No habrá futuro sin buen gobierno

El artículo de Xavier Antich en el ARA del pasado miércoles, «Doscientas setenta y dos palabras», me lleva a escribir este de ahora. (A veces, el oficio de escribir artículos es un diálogo entre los que tenemos el privilegio de dirigirnos periódicamente al lector, trenzando hilos argumentales que, con el debate, se refuerzan.) Xavier Antich terminaba su artículo con la referencia a uno de los muchos episodios brillantes de ‘The West Wing’ (¡qué gran serie para desvelar vocaciones políticas!) en el que unos altos funcionarios, aburridos de su propia rutina, de repente se dan cuenta de la alta responsabilidad que deben asumir, y saben reaccionar con una renovada vocación de servicio. Y es esta imagen -como ocurre con aquellas cerezas que tirando de ellas dos te salen dos más- la que me ha llevado a la reflexión de ahora: mientras el debate político en público discute de grandes ideologías políticas, las lamentaciones de los ciudadanos sin voz pública hablan de la ineficacia de la administración y del mal gobierno.

El caso es que en los papeles y en las tribunas hablamos de los modelos de sociedad, del neoliberalismo y el patriarcado, de la era de la postverdad, de la sociedad líquida o de las posibles -o fantasiosas- alternativas al sistema. Y se discute de si hay que tener ejército o no, de si la escuela pública se debe comerse a la concertada o de si, por principios y al margen de costes y resultados, los servicios de la sanidad pública pueden ser gestionados o no privadamente. Pero en la calle el ciudadano se queja de la mala gestión del transporte público, de la suciedad de las calles, de la permisividad ante los comportamientos incívicos, de las inversiones mal hechas, de la corrupción a derecha e izquierda, de la lentitud de la justicia, los impuestos mal cobrados, de las colas en urgencias, los maestros mal formados o de la desidia presupuestaria en cultura… en definitiva, lo que le alarma es el mal gobierno.
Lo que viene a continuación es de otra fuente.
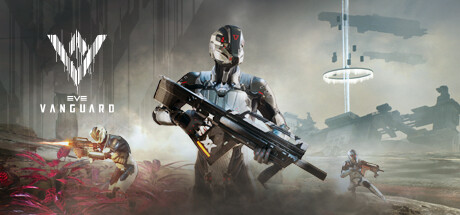 射击游戏《EVE Vanguard》登陆Steam商店页面 无中文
Y tanto es así que, más allá de las declaraciones y la propaganda a favor de una independencia que parece que nos permitiría atar los perros con longanizas, en voz baja muchos se preguntan con el corazón encogido si, más allá de las grandes promesas, nos sabremos gobernar bien.

Xavier Antich, en su artículo, defendía el retorno a las grandes virtudes -si es que las hemos tenido alguna vez-, citando el texto ‘Las pequeñas virtudes’ de Natalia Ginzburg. No afirmo lo contrario. Sólo digo que, más allá de la retórica de las grandes palabras, se debería hacer una reflexión profunda sobre qué significa gobernar bien. Porque mi opinión es que no hay mayor objetivo en política que el del buen gobierno. Y que los gobiernos caen o suben no tanto por las grandes promesas -los ciudadanos somos menos estúpidos de lo que piensan los analistas- sino por la confianza que transmiten los candidatos a la hora de saber gobernar mejor los intereses legítimos del ciudadano.

Es un hecho que constato de vez en cuando: mientras los líderes políticos y sociales del proceso hacia la independencia se empeñan en creer que a los catalanes nos preocupa el modelo futuro de sociedad y que es eso lo que nos hará decidir en un referéndum, a ras de suelo sólo escucho decir que se tienen muchas dudas sobre si nos sabremos gobernar mejor, sea cual sea el modelo de sociedad que se haya de gobernar.

El gran problema es que la garantía de mejor gobierno pasa por una reforma profunda de la administración pública, que es un debate con poca épica y que nos enfrenta con la que ha sido nuestra propia incapacidad desde 1980. Pero es de eso que realmente depende conseguir una mayoría electoral para ganar el referéndum. La sociedad que vendrá ya la irán decidiendo las nuevas generaciones en futuras elecciones. Pero el buen gobierno debería ser la constante, sea quien sea el que gobierne. Y es, en el fondo, la principal promesa de futuro de la independencia que muchos queremos.